Towards Novel Malicious Packet Recognition: A Few-Shot Learning Approach
Kyle Stein, Andrew A. Mahyari, Guillermo Francia III, Eman El-Sheikh

TL;DR
This paper introduces a novel malware detection method using a large language model and few-shot learning to recognize unseen malware types with minimal labeled data, improving accuracy in network security.
Contribution
It presents a new approach combining pretrained LLM embeddings and few-shot learning for effective detection of novel malware with limited samples.
Findings
Achieved an average accuracy of 86.35% in malware recognition.
F1-Score of 86.40% demonstrates robust performance.

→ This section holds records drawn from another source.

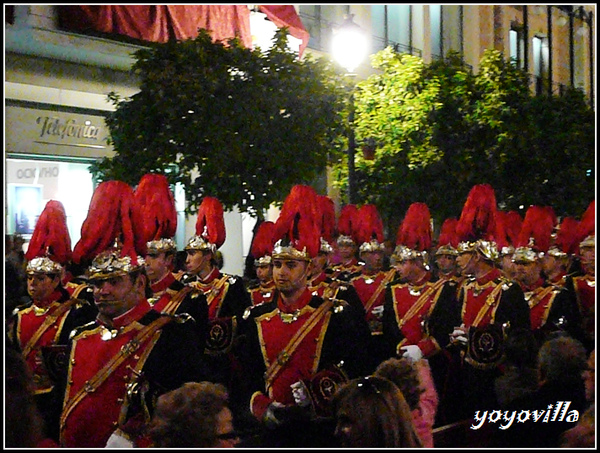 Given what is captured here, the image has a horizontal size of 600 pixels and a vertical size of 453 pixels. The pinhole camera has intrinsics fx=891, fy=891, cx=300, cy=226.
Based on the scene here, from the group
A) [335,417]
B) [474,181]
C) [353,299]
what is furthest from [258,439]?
[474,181]

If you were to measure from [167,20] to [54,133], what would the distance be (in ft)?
9.97

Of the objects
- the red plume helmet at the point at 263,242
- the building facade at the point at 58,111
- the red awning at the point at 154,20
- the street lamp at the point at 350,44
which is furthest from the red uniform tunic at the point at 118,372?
the red awning at the point at 154,20

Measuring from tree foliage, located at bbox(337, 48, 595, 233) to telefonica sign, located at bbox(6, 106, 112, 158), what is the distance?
5239 millimetres

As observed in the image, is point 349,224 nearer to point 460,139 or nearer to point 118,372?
point 460,139

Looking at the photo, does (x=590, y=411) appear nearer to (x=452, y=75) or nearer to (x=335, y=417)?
(x=335, y=417)

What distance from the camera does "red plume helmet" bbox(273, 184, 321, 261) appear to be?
6605mm

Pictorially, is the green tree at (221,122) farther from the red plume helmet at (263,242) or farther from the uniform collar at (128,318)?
the uniform collar at (128,318)

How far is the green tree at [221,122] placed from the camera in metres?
12.7

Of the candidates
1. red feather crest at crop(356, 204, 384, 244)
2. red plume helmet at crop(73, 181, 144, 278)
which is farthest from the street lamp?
red plume helmet at crop(73, 181, 144, 278)

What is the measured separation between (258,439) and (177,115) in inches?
351

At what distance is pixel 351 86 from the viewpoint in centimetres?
1484

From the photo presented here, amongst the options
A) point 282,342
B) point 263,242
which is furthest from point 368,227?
point 282,342

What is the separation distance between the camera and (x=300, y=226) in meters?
6.86

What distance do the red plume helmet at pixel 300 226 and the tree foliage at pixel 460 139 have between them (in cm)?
1134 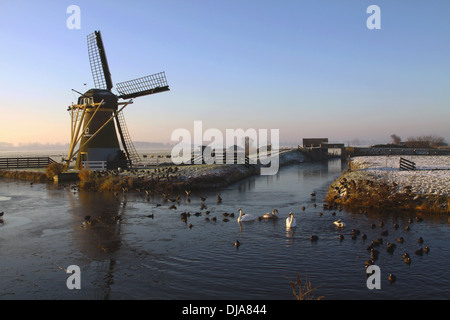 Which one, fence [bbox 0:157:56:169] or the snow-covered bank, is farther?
fence [bbox 0:157:56:169]

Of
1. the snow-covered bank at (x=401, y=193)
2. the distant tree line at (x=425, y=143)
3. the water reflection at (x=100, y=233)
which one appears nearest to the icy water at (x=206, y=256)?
the water reflection at (x=100, y=233)

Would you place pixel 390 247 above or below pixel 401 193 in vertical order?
below

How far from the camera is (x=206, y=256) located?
41.4 feet

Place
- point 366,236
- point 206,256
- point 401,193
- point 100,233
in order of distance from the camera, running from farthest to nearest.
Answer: point 401,193
point 100,233
point 366,236
point 206,256

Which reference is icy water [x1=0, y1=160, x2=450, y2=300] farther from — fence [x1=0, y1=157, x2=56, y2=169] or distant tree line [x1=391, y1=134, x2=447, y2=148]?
distant tree line [x1=391, y1=134, x2=447, y2=148]

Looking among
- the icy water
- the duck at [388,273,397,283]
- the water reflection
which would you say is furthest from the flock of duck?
the water reflection

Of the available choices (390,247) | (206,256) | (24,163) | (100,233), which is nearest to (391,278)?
(390,247)

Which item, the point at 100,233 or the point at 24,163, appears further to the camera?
the point at 24,163

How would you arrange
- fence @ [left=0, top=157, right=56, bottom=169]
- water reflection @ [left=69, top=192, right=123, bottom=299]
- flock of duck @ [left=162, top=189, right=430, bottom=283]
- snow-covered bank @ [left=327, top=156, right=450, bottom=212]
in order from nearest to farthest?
water reflection @ [left=69, top=192, right=123, bottom=299] < flock of duck @ [left=162, top=189, right=430, bottom=283] < snow-covered bank @ [left=327, top=156, right=450, bottom=212] < fence @ [left=0, top=157, right=56, bottom=169]

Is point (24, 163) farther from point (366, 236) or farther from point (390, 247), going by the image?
point (390, 247)

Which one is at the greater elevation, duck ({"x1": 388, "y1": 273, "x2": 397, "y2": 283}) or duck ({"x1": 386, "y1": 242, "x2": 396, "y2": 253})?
duck ({"x1": 386, "y1": 242, "x2": 396, "y2": 253})

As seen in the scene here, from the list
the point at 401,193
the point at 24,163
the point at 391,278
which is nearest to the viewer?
the point at 391,278

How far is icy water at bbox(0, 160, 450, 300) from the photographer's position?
9.77m

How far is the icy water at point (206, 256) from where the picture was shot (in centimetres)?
977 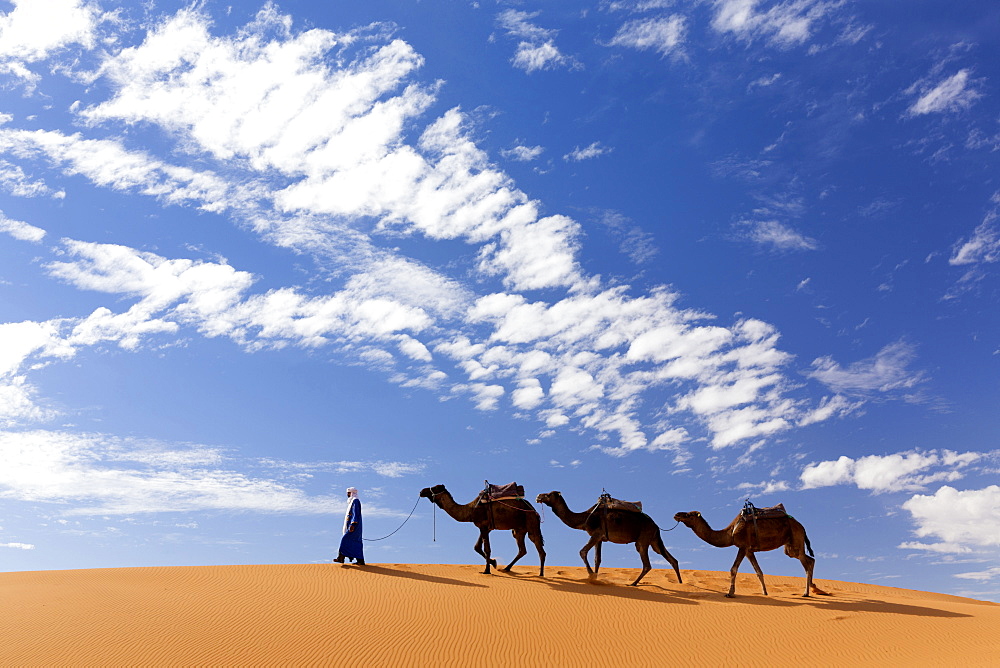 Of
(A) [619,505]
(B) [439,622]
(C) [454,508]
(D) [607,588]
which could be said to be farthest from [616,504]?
(B) [439,622]

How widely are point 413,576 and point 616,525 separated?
5.96m

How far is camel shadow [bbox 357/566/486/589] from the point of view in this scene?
75.1 feet

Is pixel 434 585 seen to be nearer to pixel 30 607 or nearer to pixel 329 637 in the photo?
pixel 329 637

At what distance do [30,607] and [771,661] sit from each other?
17071 mm

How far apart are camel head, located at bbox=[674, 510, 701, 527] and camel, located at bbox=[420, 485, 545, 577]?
4103mm

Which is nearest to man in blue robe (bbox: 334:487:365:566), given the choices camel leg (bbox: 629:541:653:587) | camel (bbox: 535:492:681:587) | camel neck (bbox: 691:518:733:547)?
camel (bbox: 535:492:681:587)

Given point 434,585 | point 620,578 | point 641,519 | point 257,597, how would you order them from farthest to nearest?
point 620,578 < point 641,519 < point 434,585 < point 257,597

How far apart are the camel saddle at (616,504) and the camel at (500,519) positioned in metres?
2.01

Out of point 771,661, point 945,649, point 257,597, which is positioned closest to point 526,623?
point 771,661

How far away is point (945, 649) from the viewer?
1806 centimetres

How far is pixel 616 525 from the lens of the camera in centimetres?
2373

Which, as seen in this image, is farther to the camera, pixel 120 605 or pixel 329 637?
pixel 120 605

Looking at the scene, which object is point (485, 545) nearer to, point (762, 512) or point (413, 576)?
point (413, 576)

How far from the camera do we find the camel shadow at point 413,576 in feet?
75.1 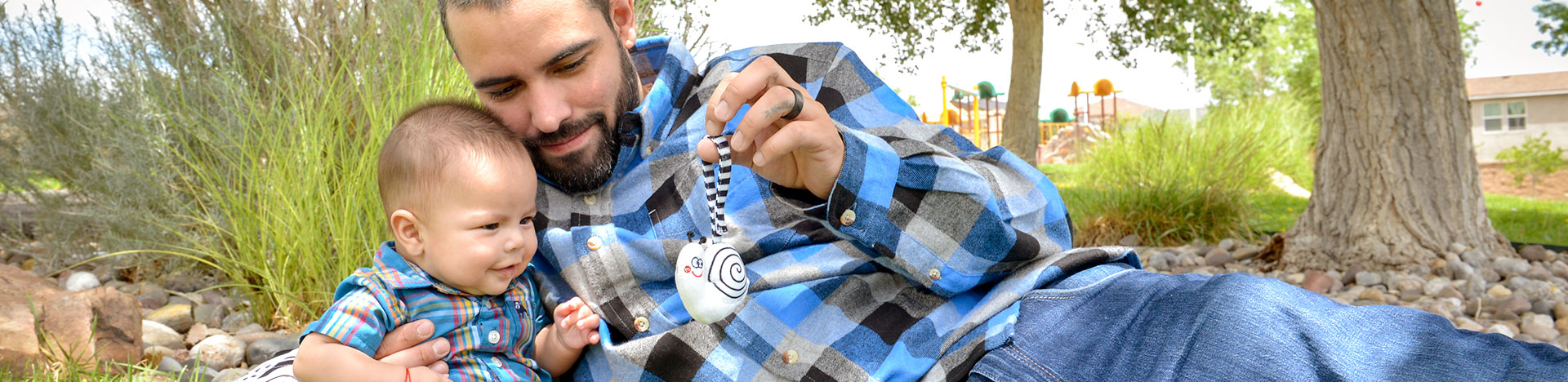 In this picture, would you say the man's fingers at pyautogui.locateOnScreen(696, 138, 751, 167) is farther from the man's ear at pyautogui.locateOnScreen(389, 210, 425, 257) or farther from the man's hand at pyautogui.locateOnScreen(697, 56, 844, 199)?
the man's ear at pyautogui.locateOnScreen(389, 210, 425, 257)

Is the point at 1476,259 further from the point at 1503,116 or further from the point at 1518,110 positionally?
the point at 1503,116

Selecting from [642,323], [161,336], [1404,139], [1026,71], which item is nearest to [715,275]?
[642,323]

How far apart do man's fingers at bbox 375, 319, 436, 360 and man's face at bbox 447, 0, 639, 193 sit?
41 centimetres

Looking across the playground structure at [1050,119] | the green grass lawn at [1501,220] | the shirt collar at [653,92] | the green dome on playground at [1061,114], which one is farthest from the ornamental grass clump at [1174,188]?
the green dome on playground at [1061,114]

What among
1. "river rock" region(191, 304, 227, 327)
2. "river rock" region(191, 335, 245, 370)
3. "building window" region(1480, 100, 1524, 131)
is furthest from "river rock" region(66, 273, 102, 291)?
"building window" region(1480, 100, 1524, 131)

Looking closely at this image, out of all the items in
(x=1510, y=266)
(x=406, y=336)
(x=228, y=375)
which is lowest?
(x=1510, y=266)

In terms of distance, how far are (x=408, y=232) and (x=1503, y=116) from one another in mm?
45526

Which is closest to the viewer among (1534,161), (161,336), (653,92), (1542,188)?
(653,92)

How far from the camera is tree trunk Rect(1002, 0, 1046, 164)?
1128 cm

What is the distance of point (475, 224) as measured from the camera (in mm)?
1555

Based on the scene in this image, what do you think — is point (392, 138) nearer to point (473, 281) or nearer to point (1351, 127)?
point (473, 281)

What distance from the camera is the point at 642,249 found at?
1.69 meters

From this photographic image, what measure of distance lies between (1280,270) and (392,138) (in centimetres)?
470

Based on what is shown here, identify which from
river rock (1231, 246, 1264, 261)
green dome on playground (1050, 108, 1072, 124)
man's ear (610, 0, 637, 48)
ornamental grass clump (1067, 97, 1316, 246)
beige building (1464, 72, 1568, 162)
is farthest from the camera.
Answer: beige building (1464, 72, 1568, 162) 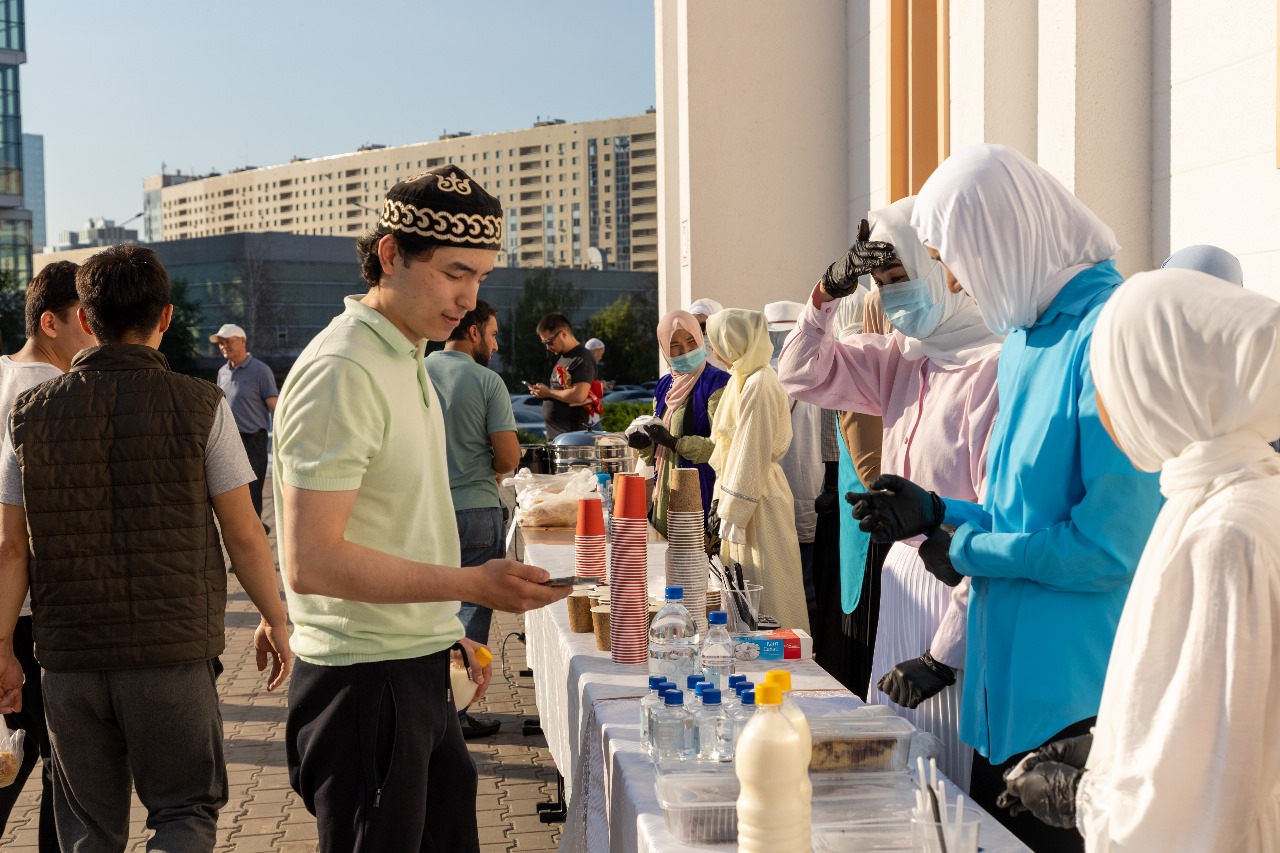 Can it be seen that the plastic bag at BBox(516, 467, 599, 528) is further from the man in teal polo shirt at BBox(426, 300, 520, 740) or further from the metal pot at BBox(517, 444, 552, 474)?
the metal pot at BBox(517, 444, 552, 474)

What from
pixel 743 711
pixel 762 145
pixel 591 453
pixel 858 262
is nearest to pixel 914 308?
pixel 858 262

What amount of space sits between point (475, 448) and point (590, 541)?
137 cm

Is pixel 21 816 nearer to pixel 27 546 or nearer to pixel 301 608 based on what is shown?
pixel 27 546

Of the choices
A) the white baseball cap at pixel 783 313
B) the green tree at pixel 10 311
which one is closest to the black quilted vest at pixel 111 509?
the white baseball cap at pixel 783 313

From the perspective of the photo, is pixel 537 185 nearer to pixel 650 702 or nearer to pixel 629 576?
pixel 629 576

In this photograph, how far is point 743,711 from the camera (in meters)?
2.32

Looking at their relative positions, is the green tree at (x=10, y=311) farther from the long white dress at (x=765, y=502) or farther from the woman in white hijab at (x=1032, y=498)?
the woman in white hijab at (x=1032, y=498)

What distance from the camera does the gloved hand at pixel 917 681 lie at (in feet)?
8.26

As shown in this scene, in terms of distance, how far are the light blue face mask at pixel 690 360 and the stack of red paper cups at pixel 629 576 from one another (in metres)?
3.00

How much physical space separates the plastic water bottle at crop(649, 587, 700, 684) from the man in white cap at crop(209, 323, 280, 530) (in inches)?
265

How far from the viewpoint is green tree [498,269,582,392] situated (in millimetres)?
65375

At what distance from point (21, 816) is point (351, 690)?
319cm

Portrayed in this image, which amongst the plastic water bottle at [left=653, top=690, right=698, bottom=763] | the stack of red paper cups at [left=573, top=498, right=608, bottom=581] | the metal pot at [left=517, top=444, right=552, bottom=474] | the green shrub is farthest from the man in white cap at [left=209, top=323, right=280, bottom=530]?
the plastic water bottle at [left=653, top=690, right=698, bottom=763]

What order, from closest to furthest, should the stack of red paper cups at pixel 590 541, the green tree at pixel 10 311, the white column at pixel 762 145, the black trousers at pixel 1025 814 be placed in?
the black trousers at pixel 1025 814, the stack of red paper cups at pixel 590 541, the white column at pixel 762 145, the green tree at pixel 10 311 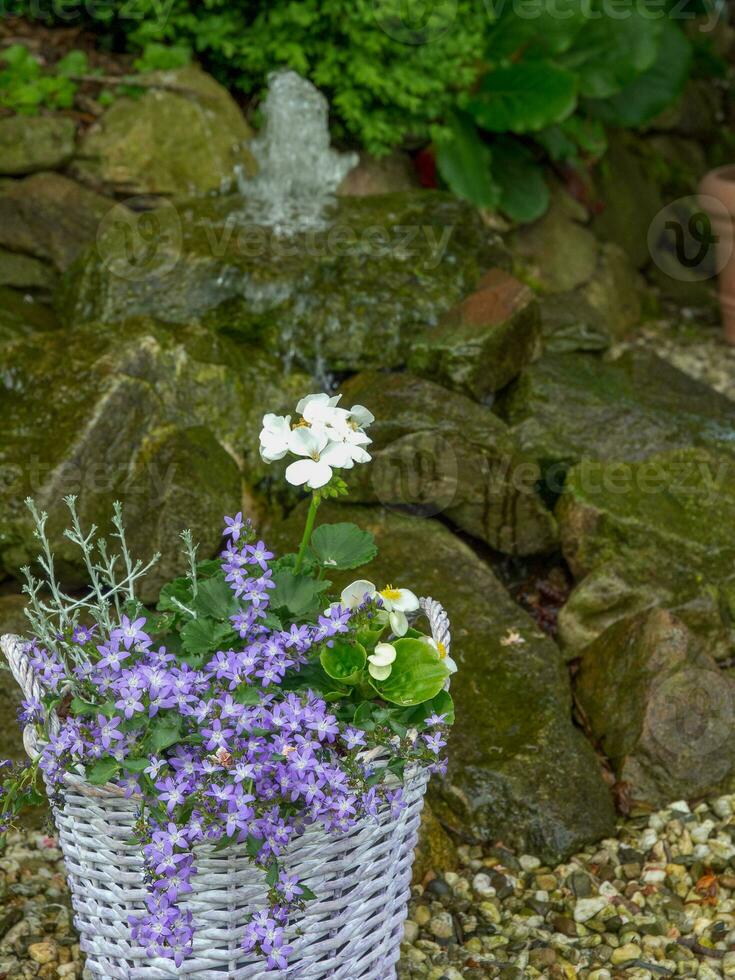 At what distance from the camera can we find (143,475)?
10.3 feet

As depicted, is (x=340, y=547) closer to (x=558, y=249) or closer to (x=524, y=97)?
(x=524, y=97)

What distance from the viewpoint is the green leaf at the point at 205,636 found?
6.28 ft

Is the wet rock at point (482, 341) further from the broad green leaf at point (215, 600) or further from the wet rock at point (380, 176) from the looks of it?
the broad green leaf at point (215, 600)

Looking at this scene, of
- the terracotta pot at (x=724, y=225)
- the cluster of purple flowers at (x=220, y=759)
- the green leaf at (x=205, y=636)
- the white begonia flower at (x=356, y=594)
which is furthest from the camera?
the terracotta pot at (x=724, y=225)

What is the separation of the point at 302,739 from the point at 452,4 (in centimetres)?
378

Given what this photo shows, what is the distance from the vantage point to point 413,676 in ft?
6.48

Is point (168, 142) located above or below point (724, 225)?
above

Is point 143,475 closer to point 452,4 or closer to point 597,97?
point 452,4

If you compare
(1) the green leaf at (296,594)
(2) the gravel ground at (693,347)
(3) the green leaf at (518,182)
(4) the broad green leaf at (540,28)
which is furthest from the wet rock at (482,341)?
(1) the green leaf at (296,594)

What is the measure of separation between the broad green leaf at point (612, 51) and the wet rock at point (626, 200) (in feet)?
2.46

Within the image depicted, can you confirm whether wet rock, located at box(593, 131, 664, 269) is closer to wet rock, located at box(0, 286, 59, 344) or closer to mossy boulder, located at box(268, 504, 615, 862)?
wet rock, located at box(0, 286, 59, 344)

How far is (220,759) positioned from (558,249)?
412 cm

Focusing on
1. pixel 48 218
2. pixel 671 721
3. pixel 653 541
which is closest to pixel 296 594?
pixel 671 721

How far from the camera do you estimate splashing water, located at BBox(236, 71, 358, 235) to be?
4.51 metres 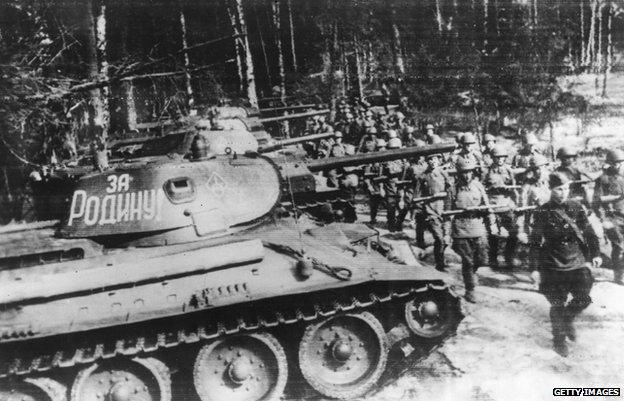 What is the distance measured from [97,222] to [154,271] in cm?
113

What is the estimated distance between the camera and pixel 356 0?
886 inches

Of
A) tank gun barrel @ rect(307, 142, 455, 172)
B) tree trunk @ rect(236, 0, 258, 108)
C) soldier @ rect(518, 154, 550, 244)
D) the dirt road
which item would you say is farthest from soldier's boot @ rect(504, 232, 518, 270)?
tree trunk @ rect(236, 0, 258, 108)

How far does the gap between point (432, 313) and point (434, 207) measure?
→ 13.0 ft

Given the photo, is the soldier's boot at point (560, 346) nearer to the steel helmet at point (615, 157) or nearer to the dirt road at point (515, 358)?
the dirt road at point (515, 358)

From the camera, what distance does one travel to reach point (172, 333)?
17.6ft

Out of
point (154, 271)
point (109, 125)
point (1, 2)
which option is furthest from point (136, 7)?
point (154, 271)

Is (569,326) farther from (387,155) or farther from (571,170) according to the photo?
(387,155)

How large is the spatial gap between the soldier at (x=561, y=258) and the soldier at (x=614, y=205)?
1948 millimetres

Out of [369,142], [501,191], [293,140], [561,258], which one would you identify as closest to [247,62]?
[369,142]

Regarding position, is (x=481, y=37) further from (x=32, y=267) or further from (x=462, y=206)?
(x=32, y=267)

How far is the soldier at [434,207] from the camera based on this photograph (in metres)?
9.20

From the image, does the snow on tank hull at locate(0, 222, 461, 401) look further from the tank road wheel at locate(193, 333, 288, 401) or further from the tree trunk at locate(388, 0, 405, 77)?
the tree trunk at locate(388, 0, 405, 77)

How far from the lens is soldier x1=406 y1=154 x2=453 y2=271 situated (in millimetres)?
9195

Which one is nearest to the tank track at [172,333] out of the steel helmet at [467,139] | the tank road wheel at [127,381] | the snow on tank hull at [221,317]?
the snow on tank hull at [221,317] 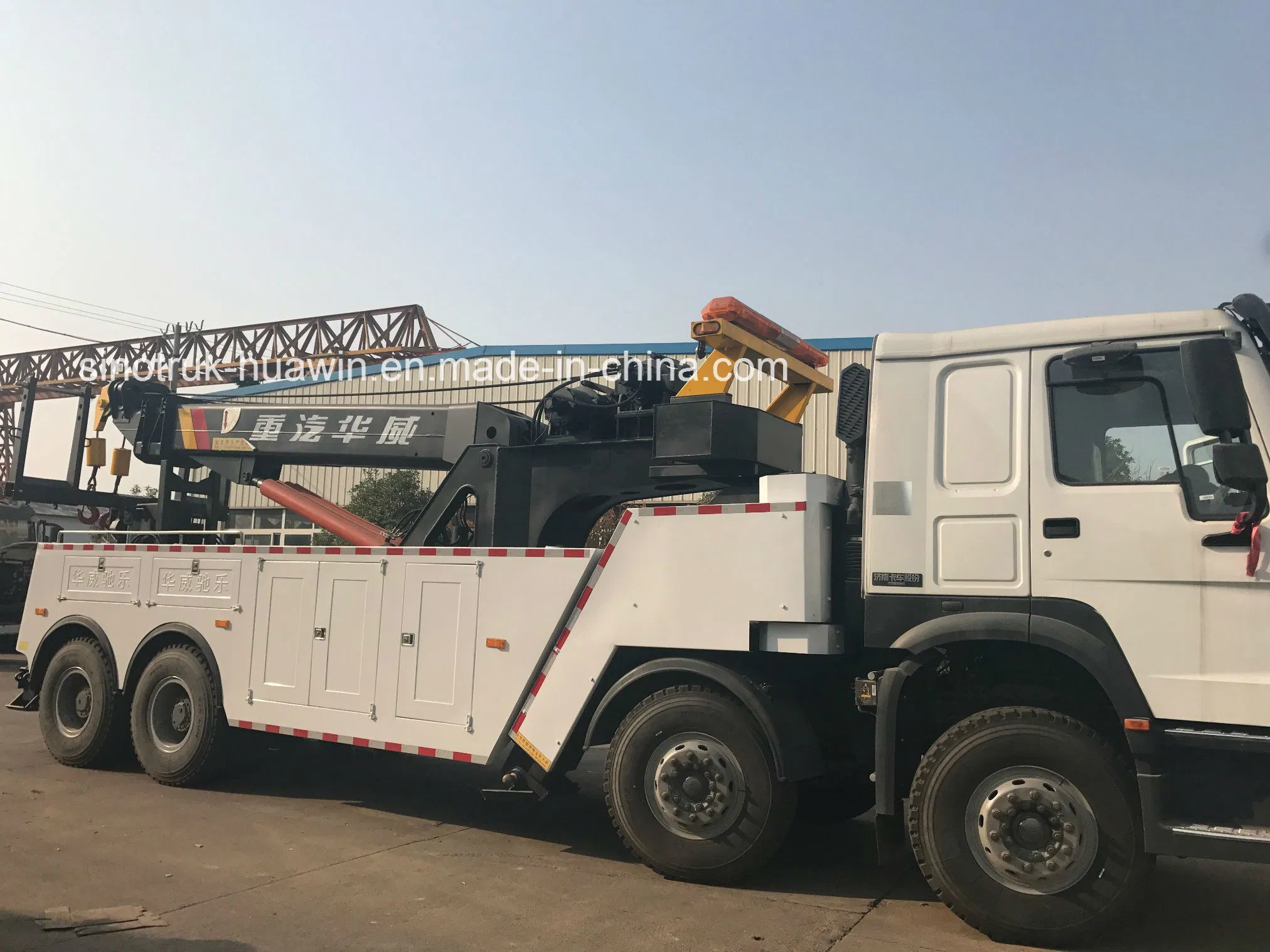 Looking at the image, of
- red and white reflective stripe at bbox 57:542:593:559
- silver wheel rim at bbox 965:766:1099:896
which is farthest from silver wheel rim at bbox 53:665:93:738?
silver wheel rim at bbox 965:766:1099:896

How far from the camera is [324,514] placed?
8492 millimetres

Effective in IoT and network traffic environments.
Abstract
As the complexity and connectivity of networks increase, the need for novel malware detection approaches becomes imperative. Traditional security defenses are becoming less effective against the advanced tactics of today's cyberattacks. Deep Packet Inspection (DPI) has emerged as a key technology in strengthening network security, offering detailed analysis of network traffic that goes beyond simple metadata analysis. DPI examines not only the packet headers but also the payload content within, offering a thorough insight into the data traversing the network. This study proposes a novel approach that leverages a large language model (LLM) and few-shot learning to accurately recognizes novel, unseen malware types with few labels samples. Our proposed approach uses a pretrained LLM on known malware types to extract the embeddings from packets. The embeddings are then used alongside few…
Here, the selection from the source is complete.